Kwale Woman Rep Ms. Zulekha Juma wants the ongoing recruitment of representatives to the mining related Community Development Agreement Committees (CDAs) in the county suspended with immediate effect until the relevant regulations are reviewed.
The MP has written to the Mining Cabinet Secretary seeking to have the exercise discontinued citing flaws that need to be urgently addressed in the Mining Community Development Agreement Regulations of 2017.
She wants the regulations reviewed in line with Section 4 of the Mining Act 2016 which defines a community as a group of people living around an exploration and mining operations area, or those who may be displaced by mining related activities.
“As it stands now, the committee is made up primarily of National and County appointed and elected leaders not the community members envisaged by the Act,” she declared in her letter.
In addition, claimed that representatives are being handpicked in blatant contravention of the regulations.

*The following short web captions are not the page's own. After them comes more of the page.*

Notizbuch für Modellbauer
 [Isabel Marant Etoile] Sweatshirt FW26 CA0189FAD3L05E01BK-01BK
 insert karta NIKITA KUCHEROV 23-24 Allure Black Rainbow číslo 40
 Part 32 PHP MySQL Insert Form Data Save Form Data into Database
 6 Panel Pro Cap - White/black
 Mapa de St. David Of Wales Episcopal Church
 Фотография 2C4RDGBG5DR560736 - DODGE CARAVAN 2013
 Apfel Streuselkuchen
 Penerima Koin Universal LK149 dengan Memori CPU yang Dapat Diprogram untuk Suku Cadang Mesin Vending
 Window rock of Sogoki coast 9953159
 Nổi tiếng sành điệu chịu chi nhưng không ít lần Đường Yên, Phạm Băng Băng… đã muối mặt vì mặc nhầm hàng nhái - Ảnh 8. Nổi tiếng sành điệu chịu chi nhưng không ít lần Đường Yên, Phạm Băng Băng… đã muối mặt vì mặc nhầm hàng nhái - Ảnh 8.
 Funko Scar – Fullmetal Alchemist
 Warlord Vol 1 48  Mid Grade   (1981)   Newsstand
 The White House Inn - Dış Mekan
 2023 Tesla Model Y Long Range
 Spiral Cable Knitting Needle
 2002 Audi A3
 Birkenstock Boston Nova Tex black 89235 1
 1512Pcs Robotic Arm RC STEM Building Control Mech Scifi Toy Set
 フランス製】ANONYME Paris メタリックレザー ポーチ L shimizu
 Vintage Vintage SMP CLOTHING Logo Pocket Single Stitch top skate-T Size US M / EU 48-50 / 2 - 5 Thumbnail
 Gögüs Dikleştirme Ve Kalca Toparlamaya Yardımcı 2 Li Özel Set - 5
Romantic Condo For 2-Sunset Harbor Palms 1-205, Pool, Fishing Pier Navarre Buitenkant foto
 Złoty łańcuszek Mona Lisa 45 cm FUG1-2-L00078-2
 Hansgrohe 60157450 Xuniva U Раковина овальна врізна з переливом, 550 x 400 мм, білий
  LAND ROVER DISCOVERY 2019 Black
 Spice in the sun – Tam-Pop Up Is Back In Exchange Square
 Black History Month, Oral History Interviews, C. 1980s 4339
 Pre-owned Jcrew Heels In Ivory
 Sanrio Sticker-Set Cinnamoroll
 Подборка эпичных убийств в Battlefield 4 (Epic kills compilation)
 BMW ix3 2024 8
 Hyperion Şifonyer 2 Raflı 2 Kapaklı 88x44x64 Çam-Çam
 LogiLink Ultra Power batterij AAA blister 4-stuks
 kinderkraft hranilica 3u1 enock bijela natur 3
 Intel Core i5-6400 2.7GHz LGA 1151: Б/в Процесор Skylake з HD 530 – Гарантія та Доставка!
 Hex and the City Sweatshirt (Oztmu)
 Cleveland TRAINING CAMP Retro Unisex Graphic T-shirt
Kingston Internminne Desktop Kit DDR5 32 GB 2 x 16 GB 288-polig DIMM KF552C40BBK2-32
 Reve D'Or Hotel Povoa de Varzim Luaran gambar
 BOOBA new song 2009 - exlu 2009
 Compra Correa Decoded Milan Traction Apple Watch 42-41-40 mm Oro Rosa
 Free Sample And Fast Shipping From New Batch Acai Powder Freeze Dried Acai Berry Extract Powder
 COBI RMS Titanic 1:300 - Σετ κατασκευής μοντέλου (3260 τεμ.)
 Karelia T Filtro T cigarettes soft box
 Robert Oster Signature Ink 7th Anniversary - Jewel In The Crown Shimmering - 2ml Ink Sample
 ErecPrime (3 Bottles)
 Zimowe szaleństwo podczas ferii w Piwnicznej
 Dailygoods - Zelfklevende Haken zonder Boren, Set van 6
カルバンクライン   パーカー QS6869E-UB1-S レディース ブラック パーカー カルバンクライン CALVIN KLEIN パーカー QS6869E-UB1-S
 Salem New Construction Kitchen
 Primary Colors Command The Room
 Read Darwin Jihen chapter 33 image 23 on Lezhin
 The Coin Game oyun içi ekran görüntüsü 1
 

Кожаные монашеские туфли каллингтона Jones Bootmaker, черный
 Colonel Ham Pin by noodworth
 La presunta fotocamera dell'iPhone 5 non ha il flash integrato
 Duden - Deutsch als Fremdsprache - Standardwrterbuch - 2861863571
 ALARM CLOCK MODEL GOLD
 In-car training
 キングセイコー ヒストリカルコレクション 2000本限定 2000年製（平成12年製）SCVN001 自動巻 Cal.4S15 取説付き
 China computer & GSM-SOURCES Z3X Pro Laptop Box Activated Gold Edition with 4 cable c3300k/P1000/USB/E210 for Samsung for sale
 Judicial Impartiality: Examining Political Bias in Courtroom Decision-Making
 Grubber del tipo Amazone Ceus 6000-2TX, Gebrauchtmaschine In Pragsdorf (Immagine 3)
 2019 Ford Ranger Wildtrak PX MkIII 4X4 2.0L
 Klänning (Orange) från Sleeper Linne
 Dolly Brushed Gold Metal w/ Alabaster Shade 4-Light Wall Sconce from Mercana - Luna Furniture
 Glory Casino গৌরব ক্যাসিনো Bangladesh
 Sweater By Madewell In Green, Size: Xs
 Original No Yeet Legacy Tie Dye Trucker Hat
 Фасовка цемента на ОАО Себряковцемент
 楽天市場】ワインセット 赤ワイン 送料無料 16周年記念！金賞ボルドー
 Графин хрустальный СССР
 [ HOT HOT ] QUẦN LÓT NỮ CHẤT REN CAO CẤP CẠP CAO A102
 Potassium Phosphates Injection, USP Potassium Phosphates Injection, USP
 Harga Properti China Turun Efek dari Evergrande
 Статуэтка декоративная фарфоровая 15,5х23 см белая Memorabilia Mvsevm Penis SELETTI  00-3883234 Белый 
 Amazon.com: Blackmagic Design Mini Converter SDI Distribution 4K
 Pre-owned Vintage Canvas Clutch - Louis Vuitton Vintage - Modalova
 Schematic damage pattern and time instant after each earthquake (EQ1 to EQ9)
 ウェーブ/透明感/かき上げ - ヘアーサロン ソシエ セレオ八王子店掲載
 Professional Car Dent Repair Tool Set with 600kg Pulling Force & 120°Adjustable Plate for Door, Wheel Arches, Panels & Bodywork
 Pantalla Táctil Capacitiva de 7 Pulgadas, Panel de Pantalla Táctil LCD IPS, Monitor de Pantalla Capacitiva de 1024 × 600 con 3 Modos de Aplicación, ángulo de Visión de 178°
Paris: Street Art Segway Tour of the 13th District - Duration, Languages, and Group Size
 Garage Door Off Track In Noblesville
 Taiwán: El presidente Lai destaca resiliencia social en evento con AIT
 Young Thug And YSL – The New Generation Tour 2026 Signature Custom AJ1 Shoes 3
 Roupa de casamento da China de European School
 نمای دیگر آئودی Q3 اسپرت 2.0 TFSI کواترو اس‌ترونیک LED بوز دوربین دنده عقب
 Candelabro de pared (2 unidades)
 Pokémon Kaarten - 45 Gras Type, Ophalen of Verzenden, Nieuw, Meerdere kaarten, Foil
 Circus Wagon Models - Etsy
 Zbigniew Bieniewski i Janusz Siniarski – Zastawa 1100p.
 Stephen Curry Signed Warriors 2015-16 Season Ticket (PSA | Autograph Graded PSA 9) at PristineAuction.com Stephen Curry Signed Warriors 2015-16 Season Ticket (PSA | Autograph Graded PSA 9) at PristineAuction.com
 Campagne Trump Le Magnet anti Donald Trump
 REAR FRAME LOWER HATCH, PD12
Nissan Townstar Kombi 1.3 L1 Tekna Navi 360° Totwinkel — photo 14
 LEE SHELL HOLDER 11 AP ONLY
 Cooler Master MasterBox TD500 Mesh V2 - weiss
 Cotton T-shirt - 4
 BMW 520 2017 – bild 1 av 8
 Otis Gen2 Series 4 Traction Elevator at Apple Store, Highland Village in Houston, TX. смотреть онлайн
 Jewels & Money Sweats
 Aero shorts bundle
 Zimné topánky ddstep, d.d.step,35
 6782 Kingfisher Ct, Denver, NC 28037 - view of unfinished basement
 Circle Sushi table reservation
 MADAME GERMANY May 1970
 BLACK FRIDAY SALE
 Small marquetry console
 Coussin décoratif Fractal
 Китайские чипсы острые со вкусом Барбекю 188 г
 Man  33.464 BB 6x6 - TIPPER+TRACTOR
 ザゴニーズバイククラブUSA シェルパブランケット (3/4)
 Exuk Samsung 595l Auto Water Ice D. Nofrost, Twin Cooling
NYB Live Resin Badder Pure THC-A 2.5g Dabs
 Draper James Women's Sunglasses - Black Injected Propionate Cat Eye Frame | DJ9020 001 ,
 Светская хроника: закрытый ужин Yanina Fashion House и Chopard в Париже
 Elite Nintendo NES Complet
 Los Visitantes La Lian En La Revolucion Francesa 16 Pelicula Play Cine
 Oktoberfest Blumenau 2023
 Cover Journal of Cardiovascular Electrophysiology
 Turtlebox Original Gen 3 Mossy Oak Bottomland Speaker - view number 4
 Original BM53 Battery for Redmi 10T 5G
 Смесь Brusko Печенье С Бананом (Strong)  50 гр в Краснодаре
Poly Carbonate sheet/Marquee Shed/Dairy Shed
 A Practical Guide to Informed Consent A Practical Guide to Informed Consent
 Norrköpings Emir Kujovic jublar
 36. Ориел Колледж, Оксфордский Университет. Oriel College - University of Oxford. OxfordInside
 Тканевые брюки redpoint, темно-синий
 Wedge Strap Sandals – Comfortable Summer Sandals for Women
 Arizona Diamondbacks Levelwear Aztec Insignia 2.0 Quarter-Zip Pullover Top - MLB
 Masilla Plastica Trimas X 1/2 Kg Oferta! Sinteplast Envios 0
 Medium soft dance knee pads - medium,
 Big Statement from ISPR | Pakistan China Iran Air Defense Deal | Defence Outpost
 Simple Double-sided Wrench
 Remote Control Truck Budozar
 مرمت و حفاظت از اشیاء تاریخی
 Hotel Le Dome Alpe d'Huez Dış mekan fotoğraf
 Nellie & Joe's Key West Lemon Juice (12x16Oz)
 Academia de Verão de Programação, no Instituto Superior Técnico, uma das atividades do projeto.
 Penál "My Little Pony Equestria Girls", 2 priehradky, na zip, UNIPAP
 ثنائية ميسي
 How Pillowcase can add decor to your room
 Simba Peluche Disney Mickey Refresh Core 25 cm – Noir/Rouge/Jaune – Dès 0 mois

“The exercise is being done mostly through a method that can only be considered as handpicking and not electing as the law requires,” claimed Ms. Juma.
She said the opinion of many in the affected communities, is that the National and County Governments have been allocated 70 percent and 20 percent of mineral royalties, respectively, paid by Base Titanium Mining Company; hence do not need to be overly represented again in overseeing the 10 percent community share.
The legislator said the names of those picked as representatives were to be forwarded to the Ministry for gazettement this week by the County Commissioner’s office. She urged the Ministry to treat the matter as urgent and of national importance.
The recruitment has generated a lot of interest among locals as the CDA members will reportedly enjoy awesome benefits and perks from the Australian mining firm which has been posting huge profits from mineral exports.
On Monday, youth from Waa-Ng’ombeni and Tiwi locations clashed during the recruitment of their CDA representative at Kombani Social Hall.
Chaos marred the exercise which saw the representative picked through queue voting system, famously called ‘mlolongo’ after the youth declined the secret ballot.